On the other hand, the goal of playing more games to select a winner seems nice. So I changed my mind and think it would be better to have some special solution rather than give one of the teams in the lead a bye in the last round.

However, what I would be tempted to do given seven 3-person teams in a five round tournament would be different again.

(Disclaimer: I've never arranged a serious tournament of any kind. On the other hand for a number of years I was the person responsible for arranging the 'tournament' at the year-end party of one of my study groups here in Tokyo so I have had a bit of practice at fitting odd numbers of people into some sort of structure that ensures everyone plays and has a good time.)

So I would be upset with a traditional team tournament of team A playing B, C playing D, E playing F, and G having the bye. The reason is that in the end five out of seven teams would only play four matches. The most reasonable idea that I could come up with off the top of my head was a combination of the following.

First, the regular games will be organized as three mini-Swiss tournaments between the seven top boards, the seven middle boards, and the seven bottom boards. The complete teams never sit down against each other. Obviously there is one person left over in each group each round.

So we form seven groups of three: A1B2C3 (top board from team A, the middle board from team B, and the bottom board from team C), B1C2D3, C1D2E3, D1E2F3, E1F2G3, F1G2A3, and G1A2B3. Each round a group of three that is unpaired for regular play has a mini knockout match at half the regular time control. First the middle and bottom board players play each other, e.g. B2 plays C3. Then the winner plays the remaining top board, e.g. A1. In this way everyone plays in every round.

"But wait!", you say, "There are seven triplets and only five rounds so it doesn't add up." You are right but if we only do it five times, it won't be fair. So in round one, three triplets (nine players) play fast games while only twelve players play regular games. In the succeeding four rounds one triplet (three players) plays fast games while eighteen players play regular games. That is a total of seven triplets.

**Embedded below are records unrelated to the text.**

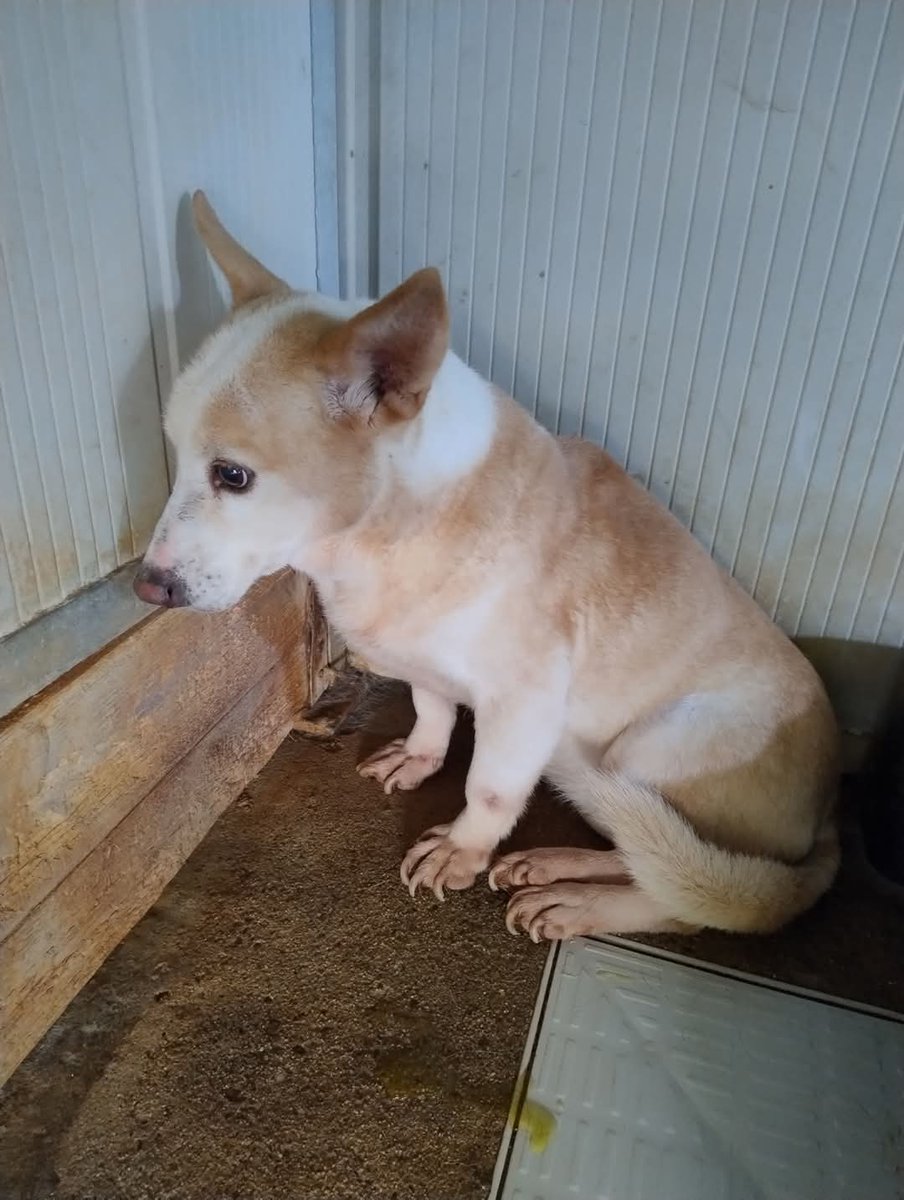 LUCY 💔 FEMMINA, NATA NEL 2020, TAGLIA PICCOLA, STERILIZZATA, abbandonata in canile... terrorizzata!
Non lasciate che marcisca in canile, aiutiamo questa piccolina a trovare uno stallo/adozione 🙏🙏🙏
Si trova in Calabria, può viaggiare in staffetta. Per adozione 
347-8798759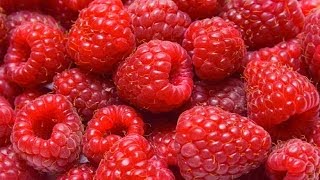 Health Benefits of Raspberries [upl. by Elisa]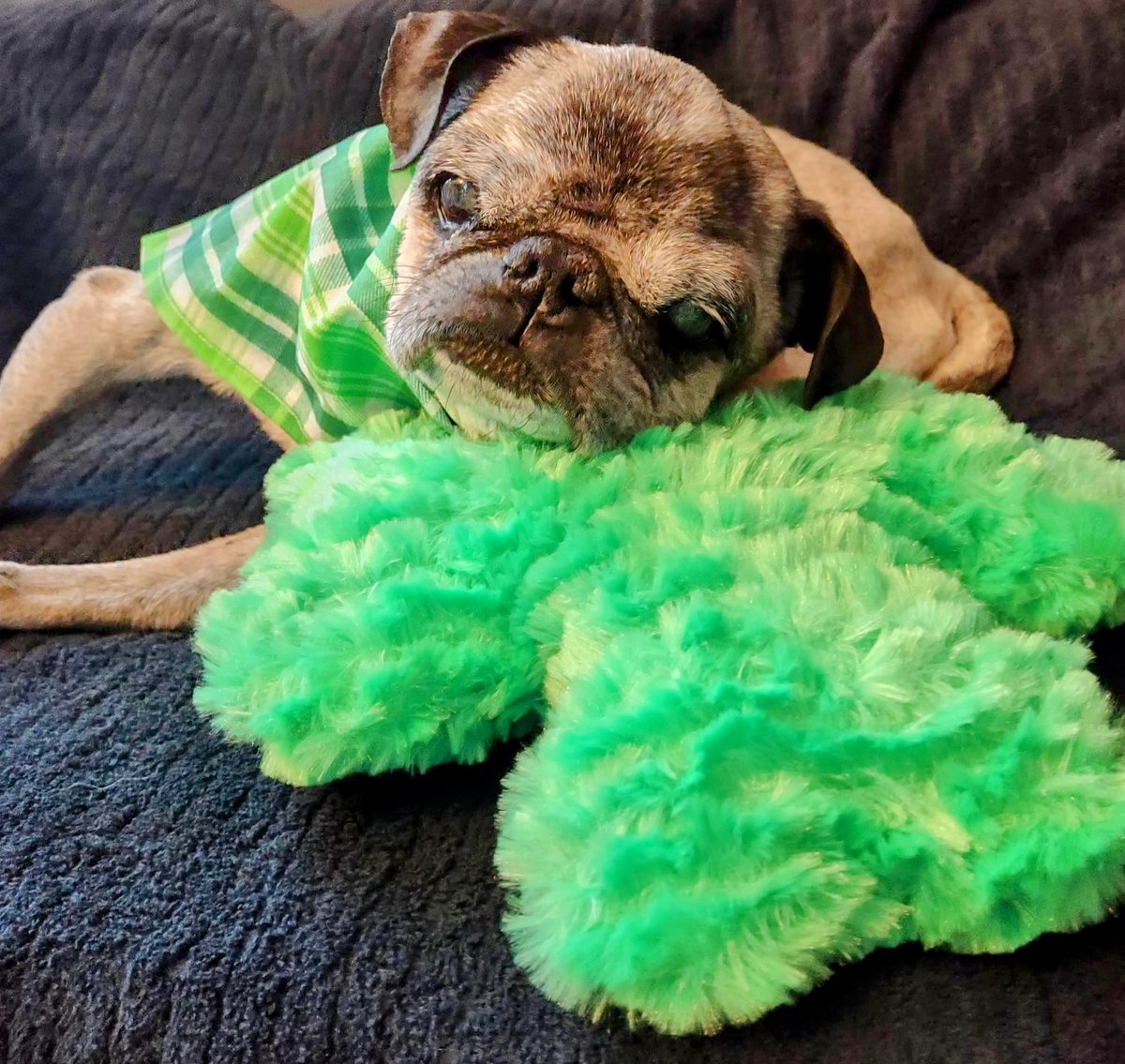 Happy #ThrowbackThursday Twitter pals. Can I PRETTY PLEASE GET A #BOOP today? Momma was just remembering what a sweet old boy I was🥹😇 (&amp; how great I look in green!🥰💚)-Angel Mushu #puglife #dogsoftwitter #dogsofx #TBT #AngelMushu #memories #thursdayvibes #GetYourGreenOn
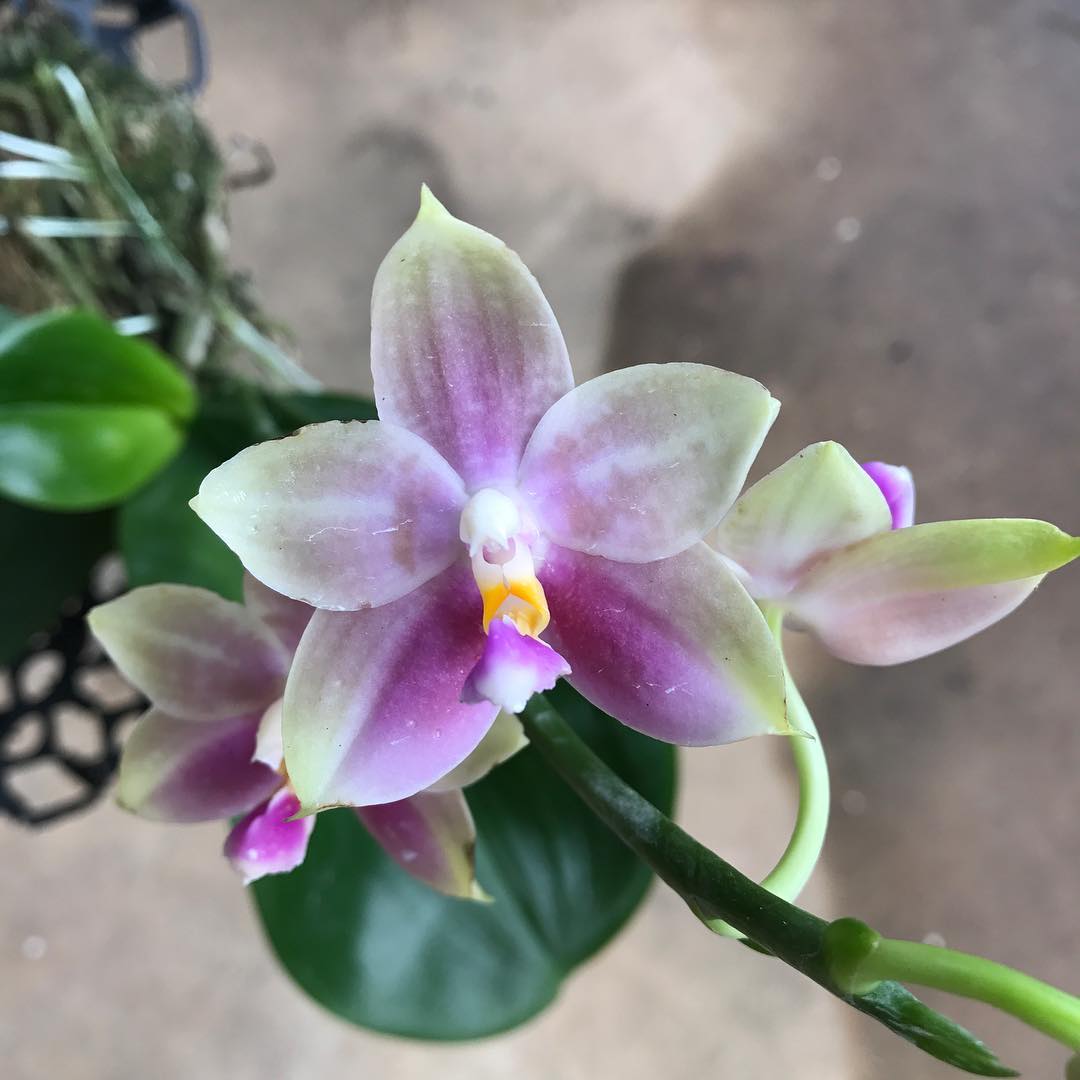 Phalaenopsis Var Hybrids - Toh Garden : Singapore Orchid Plant & Flower ...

In this way everyone plays four rounds of regular games and every one has a bye in the regular games. Everyone plays either 1 or 2 fast games (the seven winners of the fast game between the middle and bottom boards will play 2 games) when they have the bye from the regular games. The amount of playing is completely symmetrical for all the teams and each individual member of each team. The team tournament results are based on the sum of the members of each team. The fast games can be worked into the basic team result, or they could be used as the first tiebreaker. What do you think?

The original system was in case of seven teams, to have a round robin with slightly shorter thinking times. However I missed one board meeting, when I was sick, and the others decided to change the system. Anyway you system seems workable, but I prefer the original one.